It is a factually supported statement that McDonald’s does not easily let go of infringers and trademark violators. This time too, the 80-year old food chain is after Hungry Jack’s, especially when its classic ‘Big Mac’ is at stake. McDonald’s claim? A deliberate adaptation, much like a photocopied version of its famous ‘Big Mac’ hamburger. Not just that, the ingredients and the advertisement tagline have been blatantly replicated by Hungry Jack’s.

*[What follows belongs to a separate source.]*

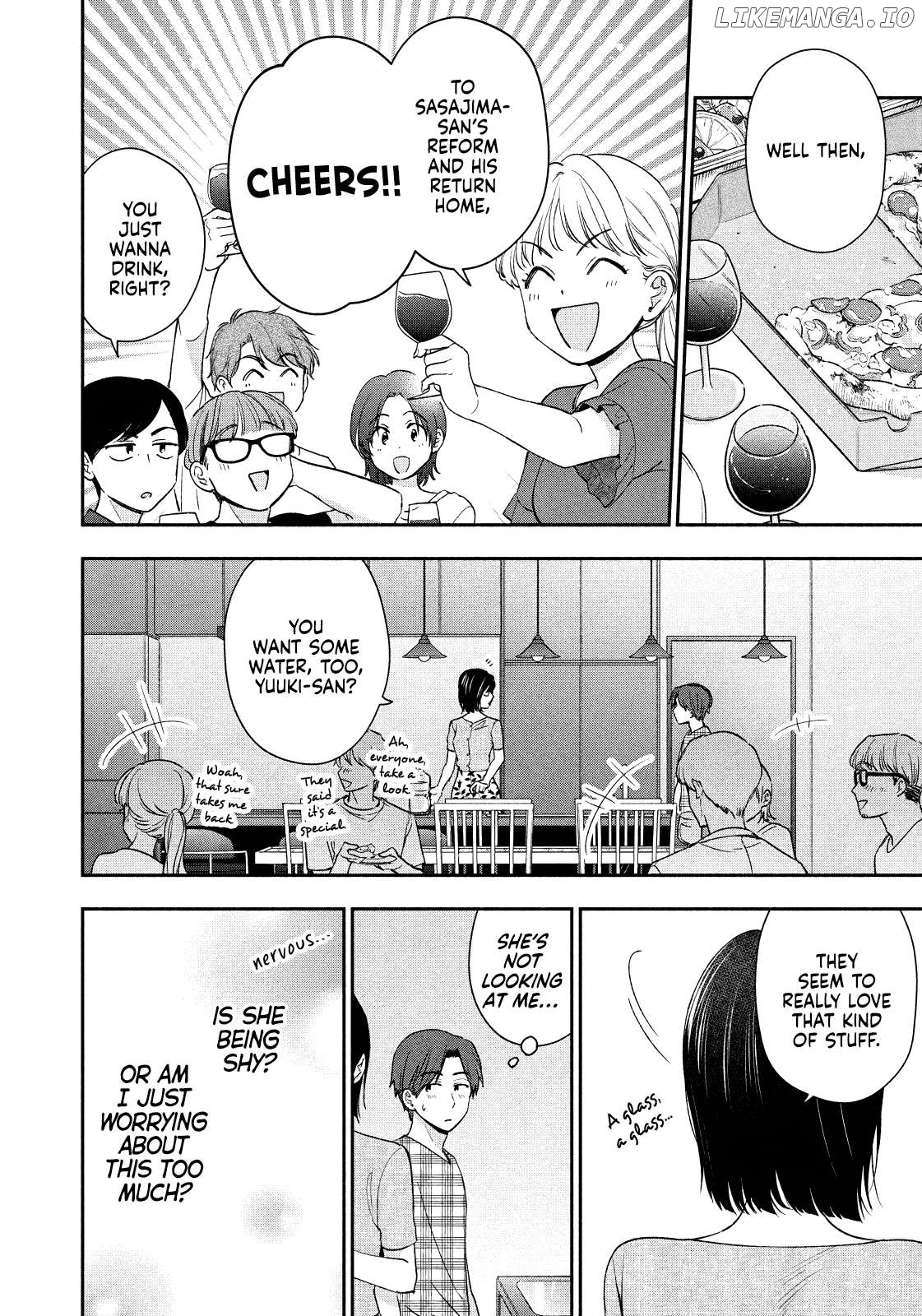 Dramatic Love Starts From the Basics Chapter 30 - Page 8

Launched about 3 months ago, the burger in question a.k.a. “Big Jack” burger is known to contain lip-smacking ingredients including “two flame-grilled 100% Aussie beef patties, topped with melted cheese, special sauce, fresh lettuce, pickles and onions on a toasted sesame seed bun”. Definitely not a coincidence, McDonald’s 1974-launched Big Mac is advertised as “two all-beef patties, special sauce, lettuce, cheese, pickles, onions on a sesame seed bun.”
Questioning the similarity, McDonald’s filed a lawsuit in Australia’s Federal Court on August 28. The lawsuit mentioned, Hungry Jack’s “deliberately adopted or imitated” McDonald’s classic burger Big Mac’s “distinctive appearance and built.” The fact that both the burgers consist of similar ingredients along with advertisements, were presented before the court. As reported by the Guardian, the lawsuit point towards the fact that there exist strong-chances that the customers “would be deceived into thinking, or alternatively would be caused to wonder whether it might not be the case,” that the Big Jack is somehow associated with Big Mac.
Furthermore, allegations pertaining to “bad faith” trademark registration attained by Hungry Jack’s for its Big Jack in November 2019 were raised. Upon such, McDonald’s pleaded the Court to rescind ‘Big Jack’ trademark since it “would be likely to deceive or cause confusion, and (hence) is liable to be canceled and should in the exercise of the court’s discretion be canceled.”
Before McDonald’s could even point out, such similarity was noticed by the fans. Taking their agitation out on Facebook and other similar platforms, Big Mac loyalists raised fingers on Hungry Jack’s for stealing, hamburglarly, and plagiarism. Attempting to clear out the smoke in the air, Hungry Jack thrashed the comments by posting “There’s something…‘special’ about or new Big Jack. It must be the flame-grilled Aussie beep” followed by a wink emoticon.
While taking out a word with regards to the lawsuit a Hungry Jack’s spokesperson told Daily Mail Australia, “Hungry Jack’s has not been served any formal documents from the Court and thus, is unable to provide any comment at this stage.” On the hand, a McDonald’s spokeswoman exclaimed, “As this matter is before the court, it is not appropriate to comment at this time.”